Don_Cragun · February 23, 2014, 12:43am

Does this help?

#!/bin/ksh
awk '
NR > 1 {# For all lines except line 1 (which contains headers; not data), loop
        # through the 2nd field and increment the number of times the six
        # character substring starting at offset i in tn the 2nd field appears:
        for(i = length($2) - 5; i >= 1; i--)
                c[substr($2, i, 6)]++
}
END {   # After all input lines have been processed, print and sort (using a
        # descreasing numeric sort) the number of times that substring occurred
        # and the substring.
        for(i in c)
                print c, i | "sort -rn"
}' file |       # The data to be processed comes from a file named file.
# The sorted output is then piped tnto another awk script to just print the
# most commonly appearing substrings.
awk '
# Save the count from the 1st input line (the most frequent substring).
NR == 1 {c = $1}
# Print the substring from every input line that has the same count as the
# most commonly appearing substring.
$1 == c {print $2}'

verse123 · February 24, 2014, 5:30pm

thanks, don. I have 2 last questions.

Some helpful individuals from the forums helped with this code below but it seems to be generating the same output for any string pattern I give it when I run it with a large file (200GB). However, when I run it with a small test file, that output is different for each string. Why do you think this could be happening?

Also, am I recording the length appropriately for all of the column 2 lines that have the same ID from column 1? Here's the code:

JOIN="joined.join"
cod1="ypehe"
cod2="edog"

awk '
        NR==1{
                print "ID", "cod_freq", "ID_freq", "length"
                next
             }
      FNR==NR{
                A[$1]++
                B[$1]+=gsub(/'${cod1}' || '${cod2}'/,x, $2)
                C[$1]+=length($2)
                next
             } 
    ($1 in A){ 
                print $1,B[$1],A[$1],C[$1]
                delete A[$1]
                delete B[$1]
                delete C[$1]
             }

    ' OFS='\t' ${JOIN}.out{,} > ${JOIN}.freq

Don_Cragun · February 25, 2014, 11:09am

verse123:

thanks, don.

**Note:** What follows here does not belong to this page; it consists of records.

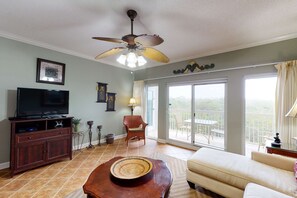 Een televisie, een dvd-speler en een stereo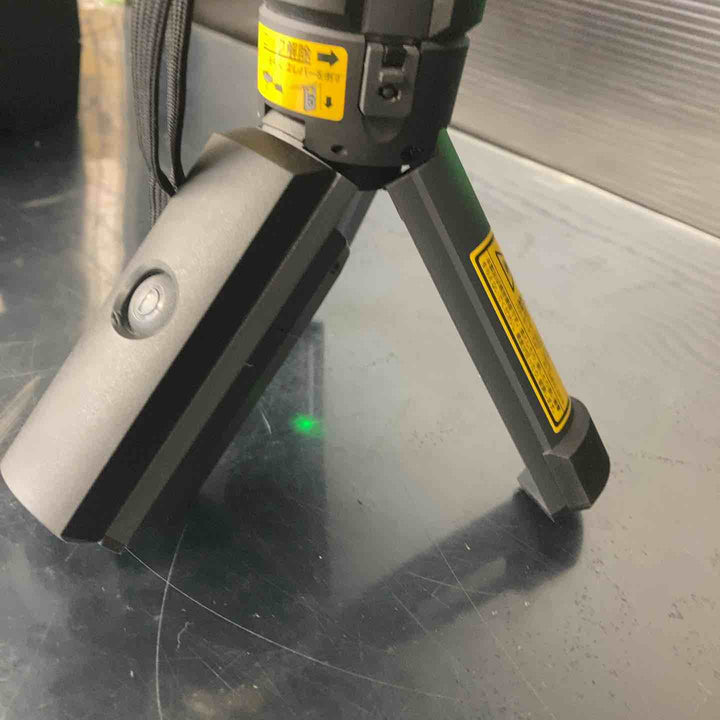 パナソニック(Panasonic) レーザー墨出し器  壁十文字タイプ グリーンレーザー BTL4100 墨出し名人ケータイGL【川越店】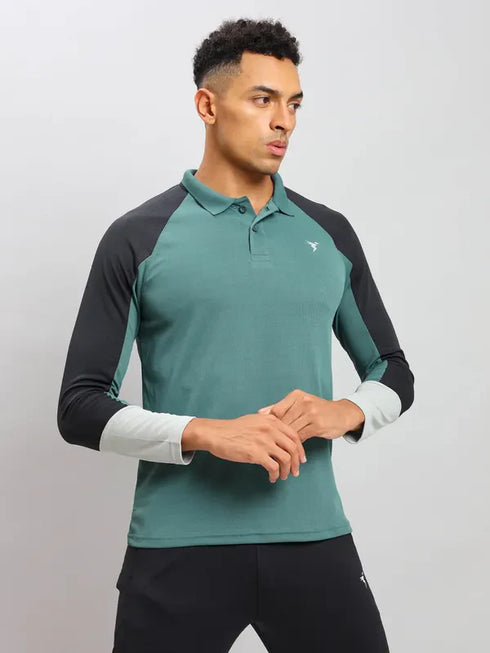 Men Colorblock Slim Fit Polo T-shirt with TECHNO COOL+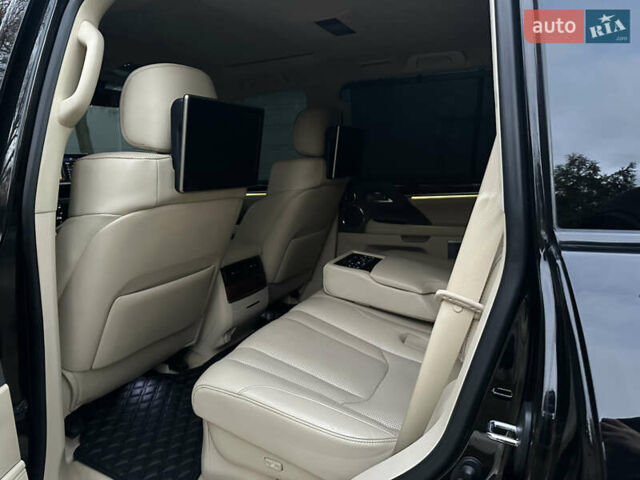 Черный Лексус ЛХ, объемом двигателя 5.66 л и пробегом 158 тыс. км за 69900 $, фото 62 на Automoto.ua
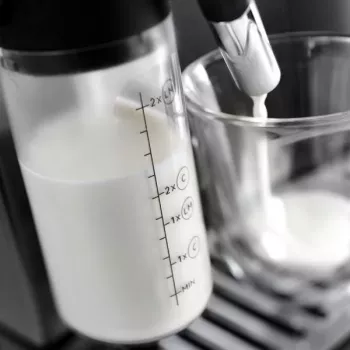Espresso automāts De’Longhi Magnifica Evo ECAM290.81.TB — pilnībā automātisks, 1,8 L ūdens tvertne, 250 g pupiņu tvertne, 15 bāri, skārienjutīga vadība
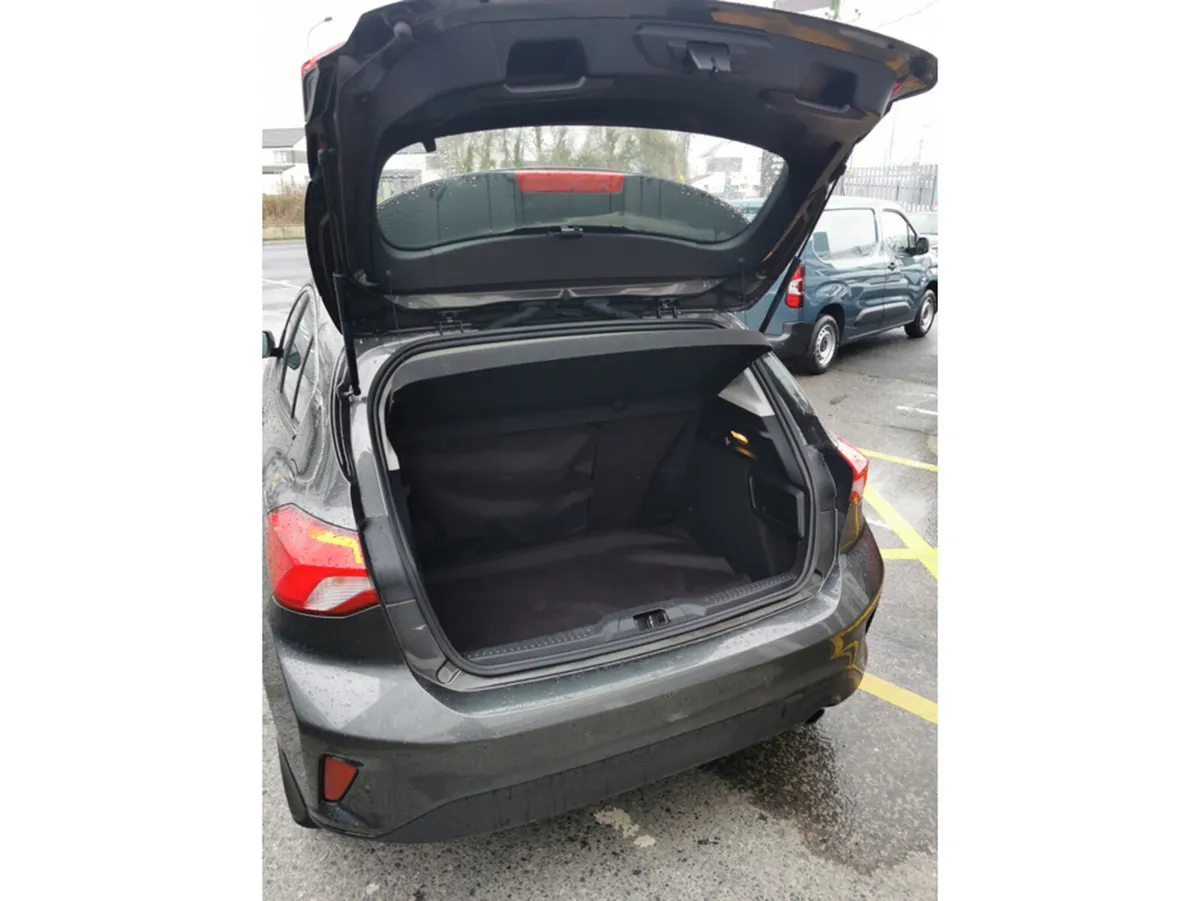 Ford Focus TITANIUM 1.5 TDCI 125PS 6 5DR 6SPEED - Image 2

I have 2 last questions.

Some helpful individuals from the forums helped with this code below but it seems to be generating the same output for any string pattern I give it when I run it with a large file (200GB). However, when I run it with a small test file, that output is different for each string. Why do you think this could be happening?

Also, am I recording the length appropriately for all of the column 2 lines that have the same ID from column 1? Here's the code:
JOIN="joined.join"
cod1="ypehe"
cod2="edog"

awk '
   NR==1{
   print "ID", "cod_freq", "ID_freq", "length"
   next
   }
   FNR==NR{
   A[$1]++
   B[$1]+=gsub(/'${cod1}' || '${cod2}'/,x, $2)
   C[$1]+=length($2)
   next
   } 
   ($1 in A){ 
   print $1,B[$1],A[$1],C[$1]
   delete A[$1]
   delete B[$1]
   delete C[$1]
   }

   ' OFS='\t' ${JOIN}.out{,} > ${JOIN}.freq

I don't understand how this code applies to this thread???

verse123 · February 27, 2014, 9:02pm

Hi Don, I noticed that when I change the length of the substring combinations to look for above 10, I get smaller than 10 character patterns in the output. How can I prevent awk from doing this?

Don_Cragun · February 27, 2014, 11:15pm

You said you wanted strings containing 6 characters, and the code I gave you processes substrings containing 6 characters. Please show us how you modified the code to handle strings of the length you want now.

In your sample input, the strings to be searched always contained more than 6 characters. Do you ever have an input field that is shorter then the substring length you're looking for? The code I gave you didn't check for this possibility.